Master of the Senate
January 8, 2022
Master of the Senate
by Robert Caro
[Jefferson asked Washington] over breakfast why the President had agreed to a two-house Congress... Washington replied with his own question: "Why did you pour your tea into that saucer?" And when Jefferson answered, "To cool it," Washington said, "Just so. We pour House legislation into the senatorial saucer to cool it." (9)
Whereas the House represented the will of the people, of the majority, the Senate was meant to be a deliberative body that would do what was wisest and best for the country, even over the will of the people, even over the President. “The object of the second branch [the Senate] is to control the democratic branch.” (10) Alexander Hamilton said the Senate should try impeachments because it was sufficiently independent, uninfluenced, and impartial. So the House, representing the people, accuse someone (like the President), but the Senate remains the impartial judge of the case.
Much of this chapter recounts examples of the Sentate “cooling” things:
Daniel Webster’s reply to Robert Hayne, 1830.

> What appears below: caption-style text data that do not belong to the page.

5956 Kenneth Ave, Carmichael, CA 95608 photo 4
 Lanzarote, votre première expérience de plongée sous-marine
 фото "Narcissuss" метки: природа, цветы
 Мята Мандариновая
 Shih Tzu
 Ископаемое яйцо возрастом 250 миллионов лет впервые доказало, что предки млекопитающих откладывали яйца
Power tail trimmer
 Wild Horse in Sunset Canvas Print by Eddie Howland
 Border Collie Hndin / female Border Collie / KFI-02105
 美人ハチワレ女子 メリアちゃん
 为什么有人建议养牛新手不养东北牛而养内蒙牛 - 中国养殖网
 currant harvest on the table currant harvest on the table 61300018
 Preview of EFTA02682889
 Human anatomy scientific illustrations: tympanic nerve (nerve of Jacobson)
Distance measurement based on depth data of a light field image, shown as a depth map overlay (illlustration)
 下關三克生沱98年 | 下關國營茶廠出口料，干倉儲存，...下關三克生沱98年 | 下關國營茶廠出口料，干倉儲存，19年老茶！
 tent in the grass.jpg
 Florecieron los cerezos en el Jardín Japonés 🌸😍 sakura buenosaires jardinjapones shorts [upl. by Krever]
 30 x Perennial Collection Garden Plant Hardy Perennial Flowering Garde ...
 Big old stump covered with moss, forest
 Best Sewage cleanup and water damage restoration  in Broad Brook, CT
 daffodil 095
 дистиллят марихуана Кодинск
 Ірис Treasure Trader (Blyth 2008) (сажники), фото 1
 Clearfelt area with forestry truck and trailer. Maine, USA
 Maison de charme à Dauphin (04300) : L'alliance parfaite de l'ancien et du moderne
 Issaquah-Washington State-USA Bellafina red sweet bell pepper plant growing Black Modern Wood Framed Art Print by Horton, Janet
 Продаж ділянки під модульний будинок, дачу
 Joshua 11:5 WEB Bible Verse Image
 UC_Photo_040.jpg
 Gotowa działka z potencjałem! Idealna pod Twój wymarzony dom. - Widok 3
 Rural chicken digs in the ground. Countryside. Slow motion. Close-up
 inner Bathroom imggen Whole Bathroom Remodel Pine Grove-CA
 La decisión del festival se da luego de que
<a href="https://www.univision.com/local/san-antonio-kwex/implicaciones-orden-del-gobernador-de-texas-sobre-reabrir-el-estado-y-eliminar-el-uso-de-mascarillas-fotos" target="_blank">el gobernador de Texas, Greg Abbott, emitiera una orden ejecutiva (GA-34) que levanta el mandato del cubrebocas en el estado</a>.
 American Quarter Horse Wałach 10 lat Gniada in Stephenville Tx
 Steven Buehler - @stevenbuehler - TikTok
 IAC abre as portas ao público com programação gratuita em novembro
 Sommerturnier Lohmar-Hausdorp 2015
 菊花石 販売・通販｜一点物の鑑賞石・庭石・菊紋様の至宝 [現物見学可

Here the Senate cooled thoughts of succession in the South and West. John C. Calhoun of South Carolina, VP under both JQ Adams and Andrew Jackson, had proposed that any state “unwilling to abide a law enacted by the national gov’t could nullify it within its borders.” (4-5) This was called “nullification.”
Robert Hayne (SC) spoke in support, trying to unite the states of the South and West against the meddling of the North. Daniel Webster (MA) replied, to which Hayne gave a brilliant rebuttal. Two days later, Webster gave a speech that became famous, “Webster’s Second Reply to Hayne.” He spoke about the concept of union – “Union and Liberty, now and forever, one and inseparable!” The speech was widely published and read across the country.
From Wikipedia: Webster’s description of the U.S. government as “made for the people, made by the people, and answerable to the people,” was later paraphrased by Abraham Lincoln in the Gettysburg Address in the words “government of the people, by the people, for the people.” The speech is also known for the line Liberty and union, now and forever, one and inseparable, which would subsequently become the state motto of North Dakota, appearing on the state seal.
Jefferson vs. Samuel Chase
Pres. Jefferson sought to use impeachment to oust Supreme Court justice Samuel Chase, essentially over differing political opinions. This set up impeachment as not criminal but, “nothing more than enquiry, by the two Houses of Congress, whether the office of any public man might not be better filled by another.” (12)
Had this worked, it would set a precedent that would undermine the independence of the courts. Although Jefferson was at the height of his popularity (having just been reelected in a landslide), with the people largely supporting him, enough of his own Republican senators voted “not guilty” in the Senate to acquit Chase.
As one of Chase’s attorneys put it, “Justice, ’tho it may be an inconvenient restraint on our power, while we are strong, is the only rampart behind which we can find protection when we become weak.” In this vote, the Senate had stood firm, a dam against the sometimes impassioned will of the people. (The whole Part 1 of this book is called The Dam for this reason.)